If a changeset should not be forward ported, for example when extracting new messages to the catalog, the commit should be blocked using a record only merge. The record only merge is the same as a cherry-pick merge, with the addition of the
Pushing from a DVCS to SVN
If the changes were staged in your dev Git or Hg repository, some additional steps are needed to commit the changes to Subversion. The steps will be described for a Git repository, but will be similar for an Hg repository.

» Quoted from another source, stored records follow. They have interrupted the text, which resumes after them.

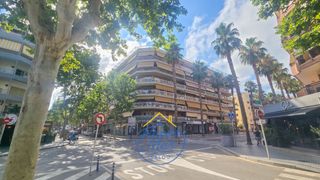 Aparcament cotxe a Via augusta 3. Garaje centro salou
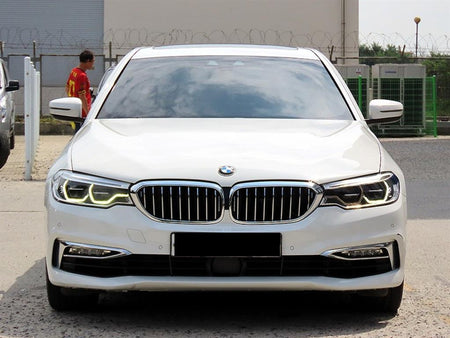 BMW 5-Series — photo 01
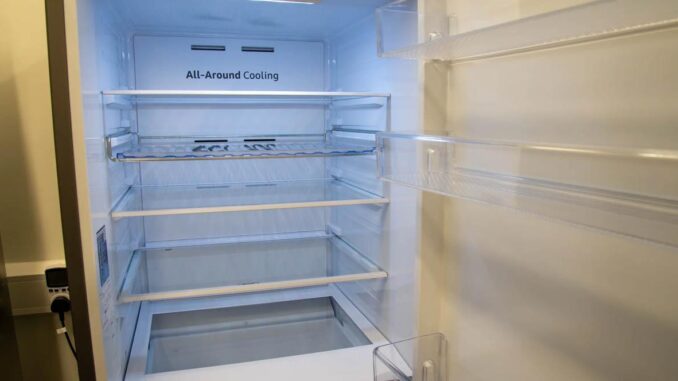 Does your full or empty fridge use more electricity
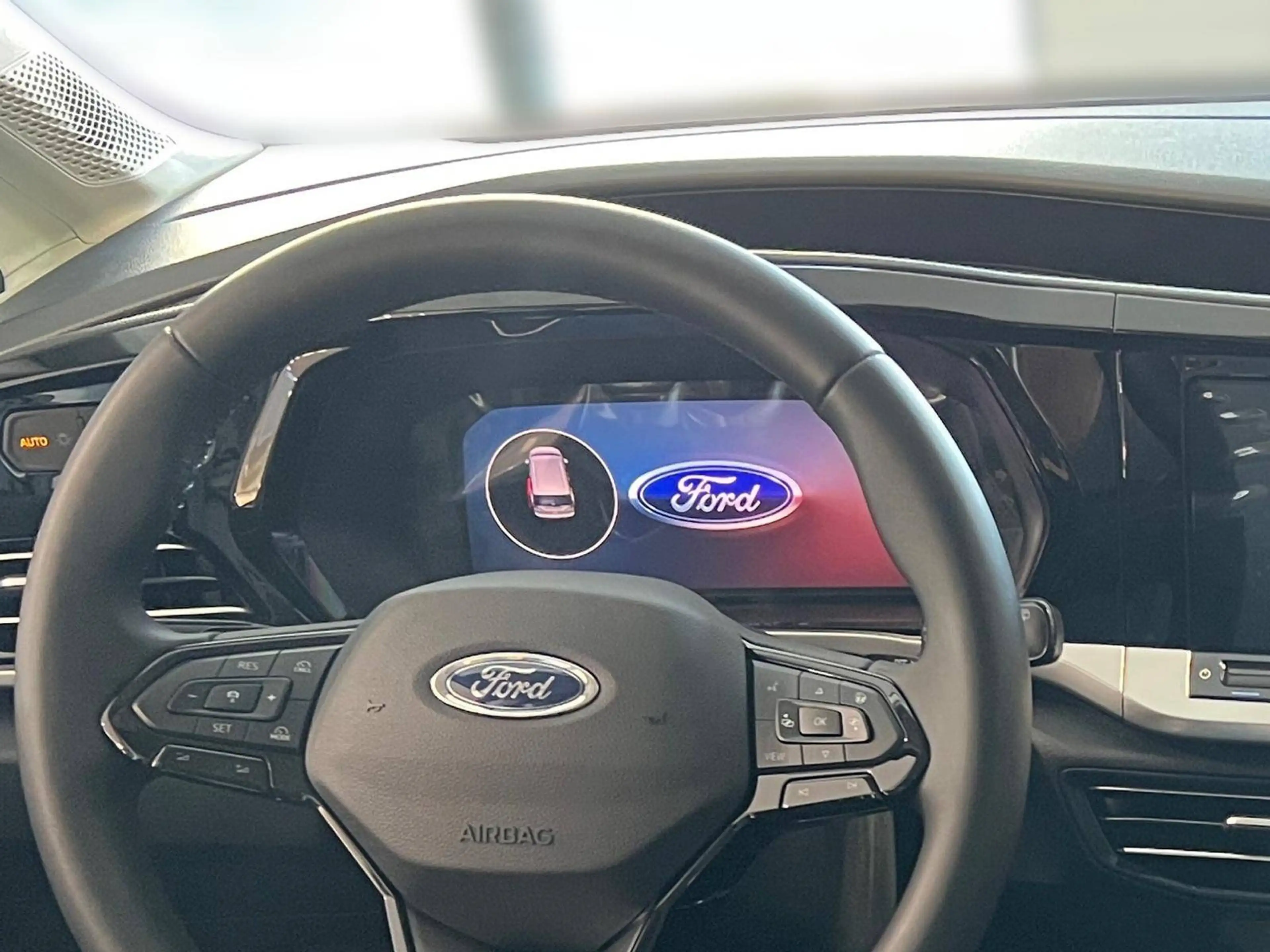 Ford Tourneo Connect Titanium — photo 12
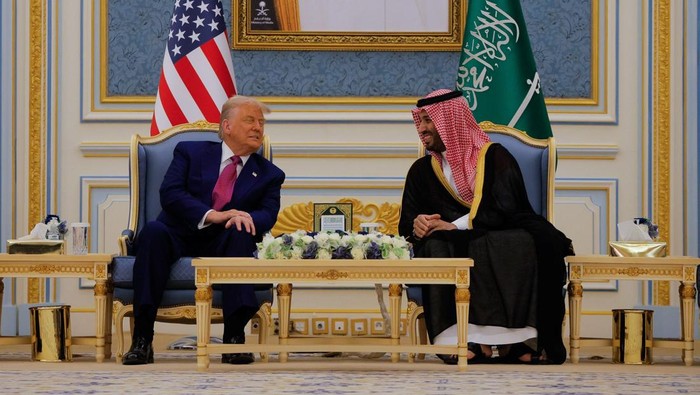 Investasi Arab Saudi Rp 9.900T di AS: Termasuk Pertahanan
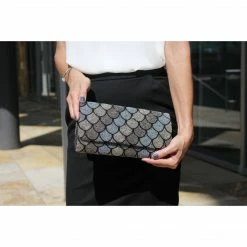 Tiana Clutch: Structured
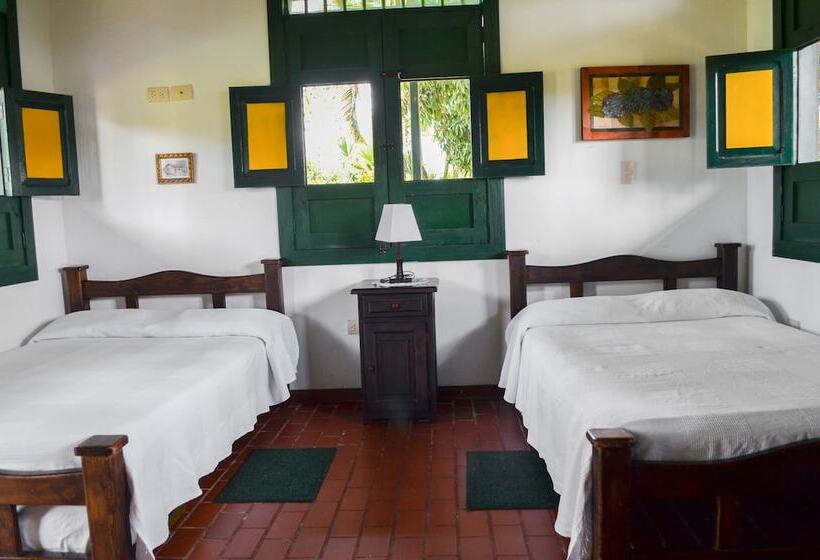 Номер Стандарт Трехместный, Finca Hotel El Palmar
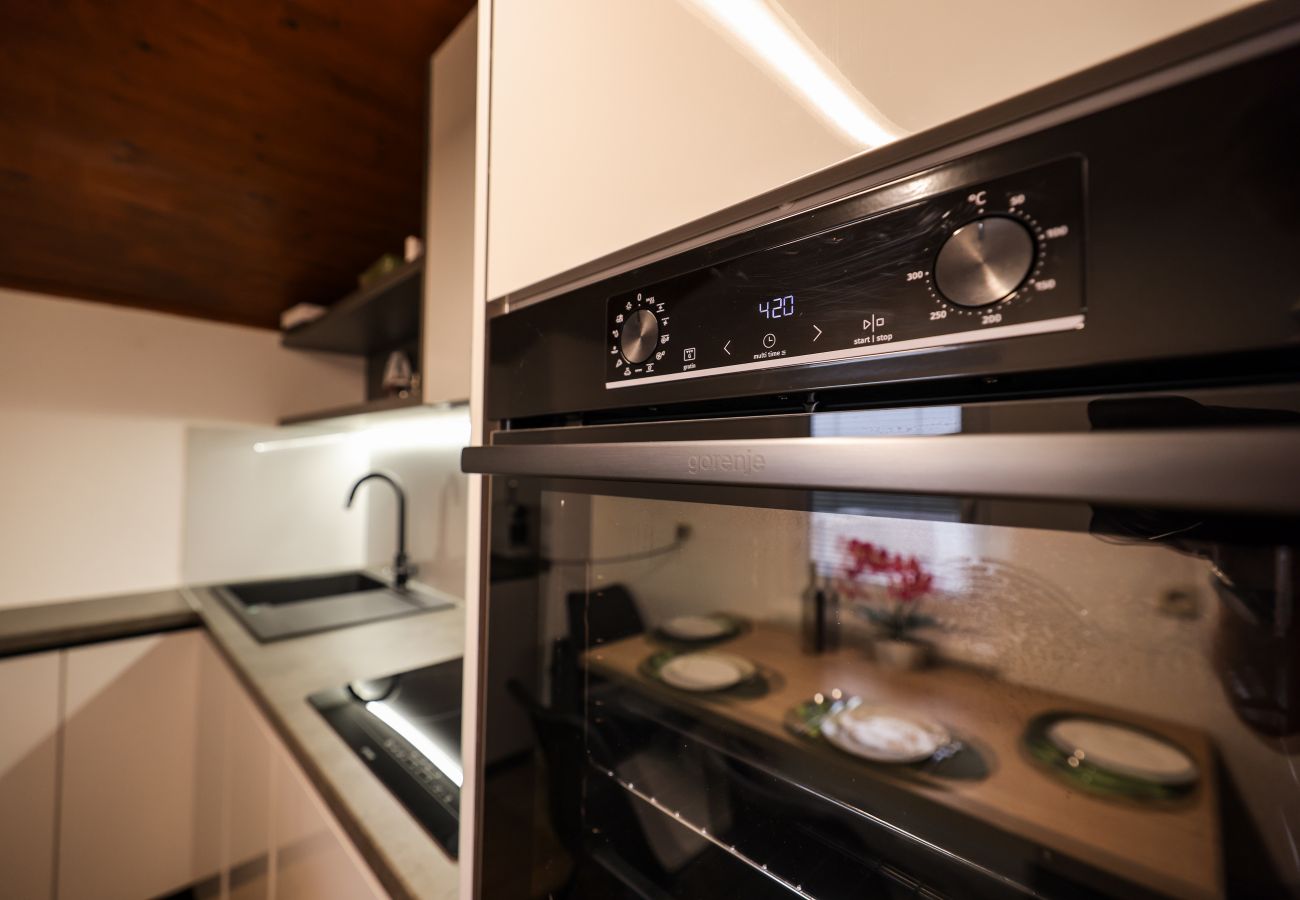 Ferienwohnung in Barotul - Sea view apartment Naledi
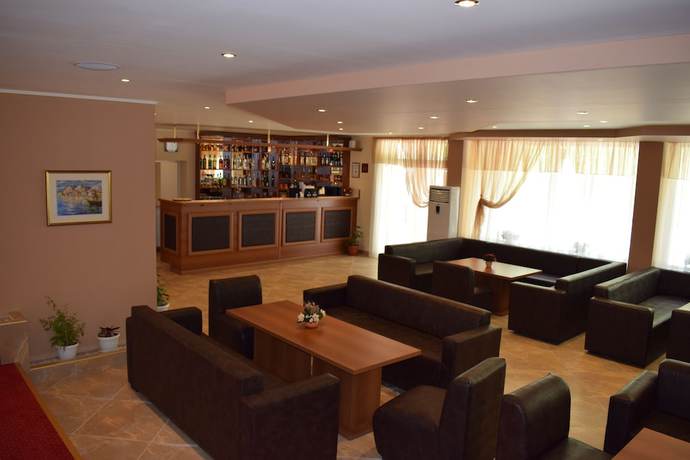 Imagen del bar/restaurante del Hotel Balneo Hotel Konstantsia. Foto 8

You should first interactively rebase (
git rebase -i) your changes to get them in a form that is appropriate for committing to the Subversion repository. In doing so, consider how you'd like the changes to be represented in the repository history, taking into account that we frequently interrogate the repository history to discover the cause of regressions or understand the purpose and intent of code. For example, logically related changesets may be squashed if they were staged as multiple changesets for the purpose of easing code review. However, unrelated changes and refactorings should be pushed as separate changesets so that they don't obfuscate functional changes.
Next, reword your log messages in a form that is appropriate for the central repository: prefix each log message with the target version (e.g.
1.0.10dev:) and reference the appropriate ticket(s). See the log for examples.
Once you've interactively rebased your Git branch and prepared your log messages, the process to push changes to Subversion is:
- Rebase your staging branch against the HEAD of the branch you'll be committing to
- Checkout an svn working copy of the branch you'll be committing to
- Copy the svn metadata directory (
.svn) of the working copy into the root of your git repository
- Step through checkouts of your repository changesets and commit each of them to svn
Here are the same steps described in command line form:
$ svn checkout <target-branch> trac-svn-wc $ cp -r trac-svn-wc/.svn trac-git-repos/ $ cd trac-git-repos $ git status -sb ## tXYZ $ git checkout tXYZ~3 $ git log --format="%B" > commit.txt $ svn add ...; svn del ... $ svn ci -F commit.txt $ git checkout tXYZ~2 ... $ git checkout tXYZ~1 ... $ git checkout tXYZ ...
Note that it's also perfectly workable to keep a single checkout under the control of multiple revision control systems simultaneously, for the long run.